Wednesday, October 13, 2021

Ada Lovelace Day 2021


 So this is the 10th anniversary of me doing Ada Lovelace Day posting, as I started in 2011 with Christine Ladd-Franklin.  From Algebraic Logic to Optics and Psychology this honoree is very fashionable nowadays.

Ok, quite a few times I was late with the goods, but this is OK, I reckon. I also varied quite a lot my own criteria for choosing honorees: I started with a deceased female mathematician thinking that there would be more consensus on them, but then moved on to living people, as consensus is overrated (systemic sexism, anyone?) and other criteria maybe should play a role. So interdisciplinarity has been a favorite criterion. My list so far consists of

Christine Ladd-Franklin(2011), Karen Sparck-Jones(2012), Marta Bunge(2013), Helena Rasiowa(2014)Nyedja Nascimento(2015), Manuela Sobral(2016), Maryam Mirzakhani(2016), Christine Paulin-Mohring(2017), Angela Olinto(2018), Andrea Loparic(2020).

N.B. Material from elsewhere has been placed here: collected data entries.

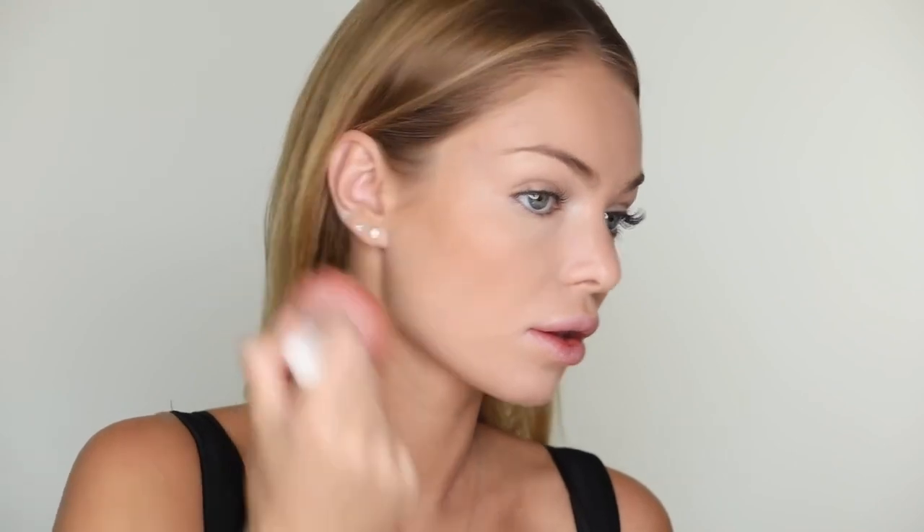To give my skin a sunkissed look, I'm using Dior Skin Nude Air Tan Powder. I'm applying it in a three shape from the forehead to the chin — and don't forget your ears. Also a little bit on my nose.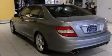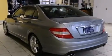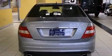Features include a sunroof, heated seats, a low-tire pressure indicator, interior wood trim accents, side curtain airbags, and latch-ready child seat anchors.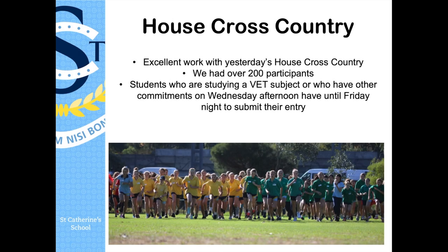Hi girls, first of all I want to say a massive well done to everyone who was involved in yesterday's house cross-country. We had over 200 participants, which is just incredible. We still have a few people who are able to submit their time up until Friday night, so thank you so much for being involved in that.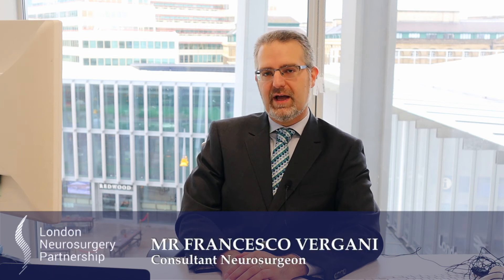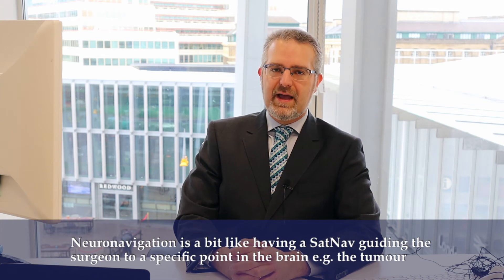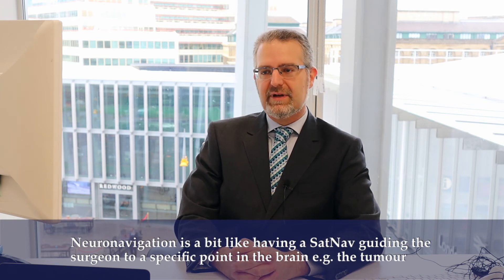Neuro-navigation is a useful surgical adjunct that we can employ in cranial neurosurgery. It is a little bit like having a sat-nav to guide you in real time, and the surgeons use a camera and a marker pen to guide the approach in real time, navigating the MRI of the patient.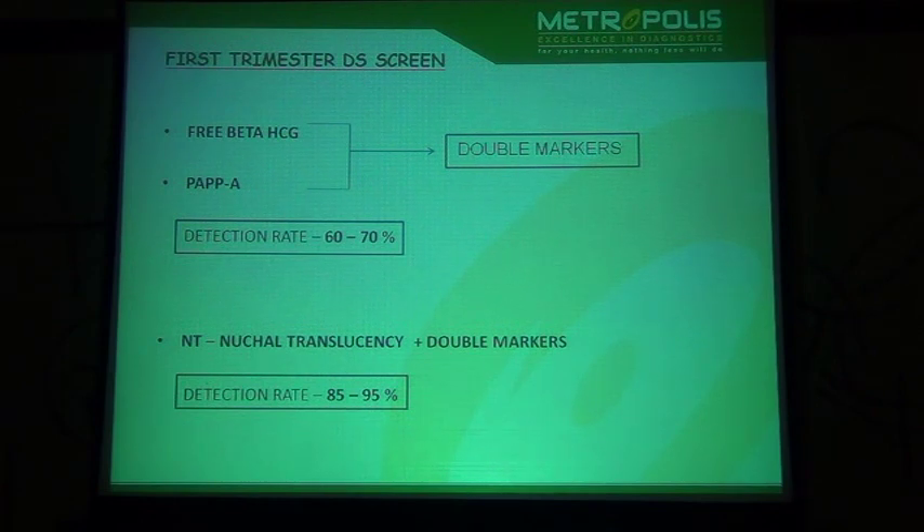You may wonder why researchers went on to explore a first trimester screen after a well-established second trimester screen. The logical reason is that first trimester screening allows for earlier detection and safer termination. This way, they can avoid the mental anguish that pregnant women and their husbands undergo while waiting to know whether they are at risk of having a Down syndrome baby.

  This list is very personal and idiosyncratic, of course. It has three Brazilians, five friends, two category theorists. It's not representativie of anything, but my own "on the spur of the moment" decisions. But it reflects more than ten years thinking about the issues that make Ada Lovelace Day necessary. As necessary now, as it was ten years ago, despite big social movements like #MeToo and #BlackLivesMatter. 

One thing I've written a lot about, but that the list does not reflect, is the danger of losing the memory of the fights. Forgetting the plight of the suffragists, forgetting all the sisters that could not get degrees, that worked for free to show women could do the work, the ones that could not stay in academia because the pressure to leave was too huge.


 
Now recently, reading the lovely interview of Hélène Langevin Joliot reminded me that this fight is not so old.

She's the real granddaughter of Marie Curie and in this interview she says "It's a myth that the Curies sacrificed their lives for Science".

Hélène is 94 years old, but she still debating, giving interviews, a living link to a past where things were indeed much worse. Like me, like many others much younger, she thought that discussing gender equality was not necessary, had been done before. Like us, she discovered that this fight needs to happen every day, all the days. That things will only be good, when everyone is treated fairly, when inclusivity prevails. So

Hélène is my Ada Lovelace Day heroine for 2021!

oh, if you don't read Spanish you might need to use translation software as Helene Joliot's interview above is only in Spanish, so far. Thanks to Women with Science for making it available.